En lançant cette confrontation, Washington l’a présentée comme une campagne contre le trafic de drogue, tout en s’armant d’un subtil tour juridique: requalifier les cartels en organisations terroristes. Si votre ennemi est un terroriste, nul besoin de mandat ni du Congrès ; uniquement de cibles. Désormais, des vedettes sont pulvérisées dans les eaux des Caraïbes, tandis que des drones traquent les convois le long des côtes du Venezuela. Et à chaque bateau détruit, le Pentagone affirme qu’il stoppe le flux de cocaïne. Sauf que les débris racontent parfois une autre histoire : des filets de pêche, des cales vides, et des corps que personne ne réclame.

Si cette mission concernait vraiment la cocaïne, c’est la Colombie qui devrait être dans l’œil du cyclone. Mais c’est bien le Venezuela, détenteur des plus grandes réserves pétrolières du monde et dont le président est la cible de Washington depuis des années, qui fait face à la puissance américaine. Car le pétrole n’est pas la seule raison pour laquelle la crise a shifté des sanctions aux navires de guerre. Le Venezuela n’est plus seulement un État pétrolier en crise; il est devenu l’avant-poste iranien de l’hémisphère occidental.

Des conseillers iraniens aident Caracas à construire des drones et des systèmes de missiles côtiers. Un pont aérien secret transporte du matériel sous sanctions et des technologies militaires de Téhéran à Caracas. Les deux pays contournent les sanctions à travers des échanges pétrole-contre-or. Aux yeux de Washington, ce n’est pas seulement un acte de défiance; c’est une menace sécuritaire à 2.200 kilomètres de Miami.

Renverser le président Nicolás Maduro, et l’Iran perdrait son dernier bastion majeur sur le continent américain. Le maintenir au pouvoir, et un axe hostile mené par Téhéran gagnerait en portée. Entre alors en scène le Hezbollah, ce réseau fantôme. Sa présence en Amérique latine n’a rien d’un cliché hollywoodien de cartel en turbans: elle est plus subtile, davantage financière que militaire, mais d’une redoutable fluidité.

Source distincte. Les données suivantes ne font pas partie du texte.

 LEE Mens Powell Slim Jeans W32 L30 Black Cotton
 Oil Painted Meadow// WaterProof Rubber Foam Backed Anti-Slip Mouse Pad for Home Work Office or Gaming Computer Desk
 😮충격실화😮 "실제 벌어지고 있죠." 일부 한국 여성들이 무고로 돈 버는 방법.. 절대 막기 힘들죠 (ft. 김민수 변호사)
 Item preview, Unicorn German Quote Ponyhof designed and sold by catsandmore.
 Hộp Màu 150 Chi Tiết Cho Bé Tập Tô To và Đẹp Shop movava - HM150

Ce qui attire le Hezbollah au Venezuela, ce n’est pas l’idéologie, mais bien le chaos. La corruption rend les frontières poreuses. De petits ports deviennent des blanchisseries de cash. Les marchés de cryptomonnaies offrent des sorties propres à l’argent sale. Là où la contrebande est facile, la finance illicite l’est encore plus. Le rôle du Hezbollah n’est pas de commander des cargaisons de drogue, mais de faire disparaître l’argent.

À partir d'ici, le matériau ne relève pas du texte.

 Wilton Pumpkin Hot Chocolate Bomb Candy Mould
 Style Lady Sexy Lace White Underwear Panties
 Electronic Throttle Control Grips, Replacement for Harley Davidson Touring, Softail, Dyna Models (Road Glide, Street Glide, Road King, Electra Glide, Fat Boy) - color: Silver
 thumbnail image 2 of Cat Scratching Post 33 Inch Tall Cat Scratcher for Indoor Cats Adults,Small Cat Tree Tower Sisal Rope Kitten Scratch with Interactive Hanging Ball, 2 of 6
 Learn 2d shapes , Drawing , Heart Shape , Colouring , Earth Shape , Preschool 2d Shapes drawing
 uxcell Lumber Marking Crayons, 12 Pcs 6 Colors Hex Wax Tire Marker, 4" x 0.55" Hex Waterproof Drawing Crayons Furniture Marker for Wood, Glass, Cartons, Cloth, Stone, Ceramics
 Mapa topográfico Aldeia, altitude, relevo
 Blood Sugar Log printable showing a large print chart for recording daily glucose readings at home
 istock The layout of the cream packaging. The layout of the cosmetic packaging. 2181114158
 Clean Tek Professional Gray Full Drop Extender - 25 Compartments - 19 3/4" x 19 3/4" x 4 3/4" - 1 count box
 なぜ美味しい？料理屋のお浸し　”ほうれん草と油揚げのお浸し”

Une guerre silencieuse est en cours contre la finance parallèle. La stratégie américaine ne vise plus uniquement à intimider, mais à asphyxier: détruire les bateaux qui alimentent l’économie de l’ombre, geler les avoirs des trafiquants liés au régime, traquer les intermédiaires financiers reliant cartels et Hezbollah, et rendre le Venezuela trop coûteux à entretenir pour l’Iran. En rompant les circuits de la finance illicite, ces alliances s’effondreront. Pas besoin de missiles.

Les États-Unis s’apprêtent-ils pour autant à une guerre ouverte? Pas encore.

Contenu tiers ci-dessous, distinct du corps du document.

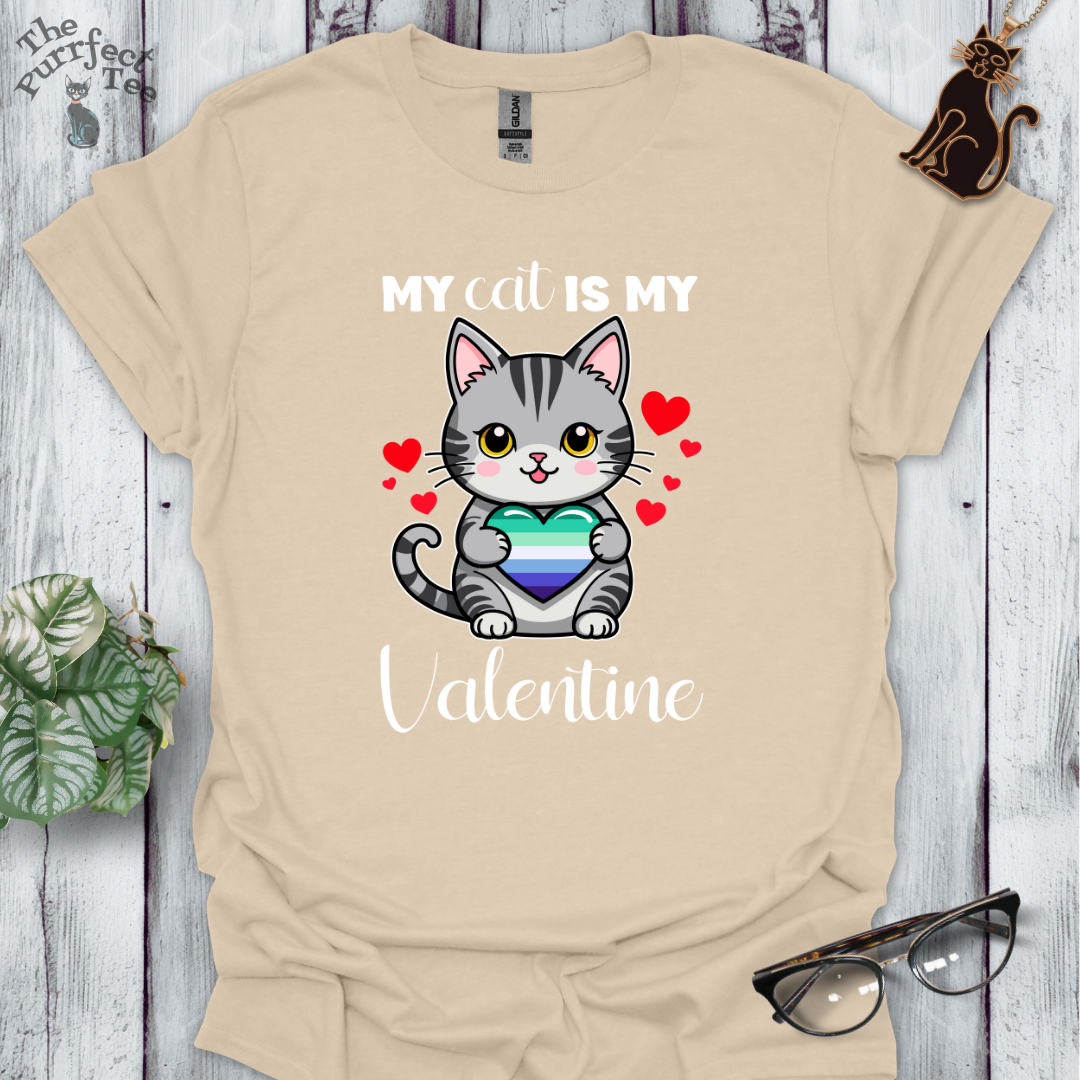 My cat is my valentine - gay men heart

Il s’agit d’un changement de régime par coercition, sous couvert de lutte antiterroriste. Une partie d’échecs pétrolière où l’Iran cache sa tour derrière un navire de contrebande. La première escarmouche d’un futur où criminalité, terrorisme et géopolitique se fondent en un seul champ de bataille.

Si l’escalade militaire devait survenir, elle ne commencerait pas par une invasion, mais plutôt par une erreur. Le vrai danger ne réside pas dans un débarquement spectaculaire ni dans un tir de missile vénézuélien, mais dans un banal incident: un patrouilleur vénézuélien s’approchant trop, par inadvertance, d’un destroyer américain. Un tir de sommation, un tir direct, une riposte… et la crise se mue en une guerre que personne ne voulait. Pendant ce temps, les Vénézuéliens, affamés, épuisés, désespérés, se soucient moins de géopolitique que de leur prochain repas. Leur crise est déjà assez catastrophique sans les cuirassés.

Une fois l’étincelle allumée, ce n’est peut-être pas le Moyen-Orient, mais les Caraïbes, qui deviendront la ligne de front du prochain grand conflit américain.